The fishing cat can swim long distances, even underwater

1.) Maybe all is not lost

Although fishing cats are elusive and try to stay hidden, organizations like the Fishing Cat Conservancy in India and Sri Lanka are working to raise awareness about these unique wild cats. They educate children, fostering respect and appreciation for the fishing cat. They also provide local fishermen with tools to help them fish more effectively, reducing competition and leading to less conflict with the fishing cats.

2.) They are the only cat species that specialise in fish

Due to competition with other land-based predators, the fishing cat — a relatively large wild cat about twice the size of a domestic cat — has adapted to an aquatic lifestyle. Despite their typical feline appearance, they have short legs, a sturdy body, a deep chest, and a short, thick tail, which helps them handle larger fish. While they are specialized in catching fish, they will also hunt various prey near water, including ducks, if necessary.

3.) The fishing cat has an impressively effortless style

Fishing cats are ambush predators, stealthily moving along the water’s edge. They use their whiskers (vibrissae) to detect the position of fish in murky water, allowing them to strike precisely. They dive headfirst into the water, using the webbing between their front toes to maneuver efficiently.  The fishing cats can swim long distances, even underwater, showcasing their exceptional aquatic abilities.

4.) Kittens are already diving at one month

Fishing cats lead solitary lives, meeting others of their kind only during mating season. Typically, a litter consists of 2-3 kittens, which start learning to hunt at around one month old. By six months, they become independent.
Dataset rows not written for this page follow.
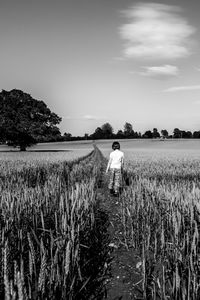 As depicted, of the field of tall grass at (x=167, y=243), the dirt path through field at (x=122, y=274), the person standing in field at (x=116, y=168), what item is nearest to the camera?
the field of tall grass at (x=167, y=243)

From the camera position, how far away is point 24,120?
50469 millimetres

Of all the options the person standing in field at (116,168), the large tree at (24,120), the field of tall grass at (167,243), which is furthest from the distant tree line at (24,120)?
the field of tall grass at (167,243)

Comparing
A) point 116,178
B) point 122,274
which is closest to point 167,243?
point 122,274

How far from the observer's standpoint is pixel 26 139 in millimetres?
51656

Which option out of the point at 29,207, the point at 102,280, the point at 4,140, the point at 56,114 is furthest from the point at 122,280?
the point at 56,114

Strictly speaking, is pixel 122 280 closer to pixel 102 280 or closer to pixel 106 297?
pixel 102 280

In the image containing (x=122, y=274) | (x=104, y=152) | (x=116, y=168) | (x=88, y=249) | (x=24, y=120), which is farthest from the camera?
(x=24, y=120)

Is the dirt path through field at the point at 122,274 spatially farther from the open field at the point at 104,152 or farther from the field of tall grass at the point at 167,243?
the open field at the point at 104,152

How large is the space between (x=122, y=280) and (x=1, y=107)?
51787 millimetres

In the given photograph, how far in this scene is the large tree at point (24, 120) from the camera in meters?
49.3

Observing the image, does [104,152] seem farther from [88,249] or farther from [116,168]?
[88,249]

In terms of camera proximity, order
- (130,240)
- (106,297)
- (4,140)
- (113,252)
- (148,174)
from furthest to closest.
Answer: (4,140), (148,174), (130,240), (113,252), (106,297)

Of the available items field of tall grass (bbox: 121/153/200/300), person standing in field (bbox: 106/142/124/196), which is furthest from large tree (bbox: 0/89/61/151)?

5.) Distant relative of the leopard cat

Genetic studies suggest that the fishing cat and the leopard cat diverged between 4.25 and 0.02 million years ago. The leopard cat is believed to have been domesticated in China around 5000 years ago and has been used in breeding the Bengal cat.

6.) Here’s how they differ from most wild cats

Interestingly, unlike most wildcats that are crepuscular (active during twilight), fishing cats hunt primarily at night.